Decided: June 14, 2016
The Fourth Circuit determined the defendant’s prosecution in the United States did not contravene the Fifth Amendment’s Due Process Clause, therefore the Court affirmed the defendant’s convictions.
Defendant Edgar Javier Bello Murillo (“Bello”), a citizen of Colombia, was involved in the murder of Special Agent James Terry Watson of the Drug Enforcement Administration (“DEA”). Agent Watson was an internationally protected person (an “IPP”) stationed in Colombia and was thereby protected by the Convention on the Prevention and Punishment of Crimes Against Internationally Protected Persons, Including Diplomatic Agents (the “IPP Convention” or the “Convention”). Bello was arrested in Colombia for his involvement in the murder, and on July 18, 2013, a grand jury in Alexandria, Virginia, returned an indictment against Bello and the others involved. On August 22, 2013, the United States requested Bello’s extradition from Colombia for prosecution in the Eastern District of Virginia. Pursuant to Colombia’s obligations under the IPP Convention, the extradition request was referred to Colombia’s Supreme Court of Justice, which granted the extradition for prosecution on Counts 1, 3, and 4. After his first appearance in the Eastern District of Virginia on July 2, 2014, Bello sought dismissal of the three charges, invoking the “notice requirement” of the Fifth Amendment’s Due Process Clause. The district court denied this dismissal motion, and in doing so ruled that Bello’s due process rights were not violated by prosecuting him in the United States for murder and kidnapping because exercising extraterritorial jurisdiction of these offenses is proper under the Fourth Circuit’s test set forth in United States v. Brehm. Under Brehm, the court concluded that Bello’s prosecution was neither arbitrary nor unfair, because Bello’s offenses affected a “significant American interest,” and he had “ample reason to anticipate being prosecuted for his conduct ‘somewhere.’” United States v. Brehm, 691 F.3d 547, 622–23. On April 16, 2015, Bello was sentenced to 440 months in prison, which he timely appealed.

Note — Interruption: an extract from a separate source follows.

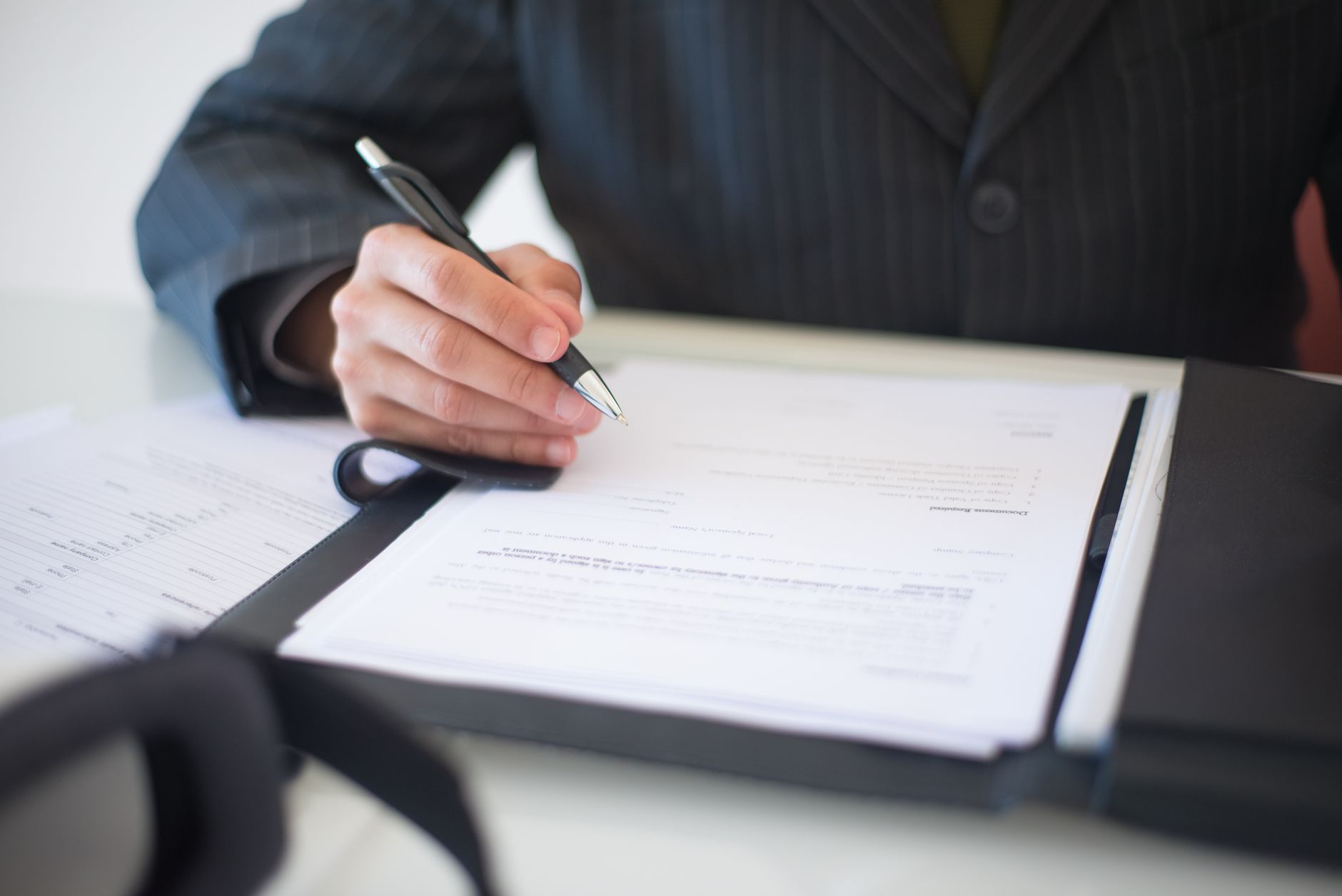Legal documents and contract papers representing DeFi liability and disclosure questions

On appeal, Bello’s sole claim was that his prosecution in the United States contravened the Fifth Amendment’s Due Process Clause, arguing specifically that his prosecution in the this country was fundamentally unfair because he did not know that Agent Watson was an American IPP and thus could not have foreseen prosecuted in the United States, rather than in Colombia. However, the Court did not agree. Citing to their opinion in Brehm, the Court explained that fair warning does not require that defendants understand that they could be subject to criminal prosecution in the Unites States so long as they could reasonably understand that their conduct was criminal and would subject them to prosecution somewhere. Because kidnapping and murder are “self-evidently criminal,” it was not fundamentally unfair to prosecute Bello in the United States. Absent fundamental unfairness, Bello’s Fifth Amendment due process claims fails under Brehm.
Therefore, the Fourth Circuit affirmed the judgment of the district court.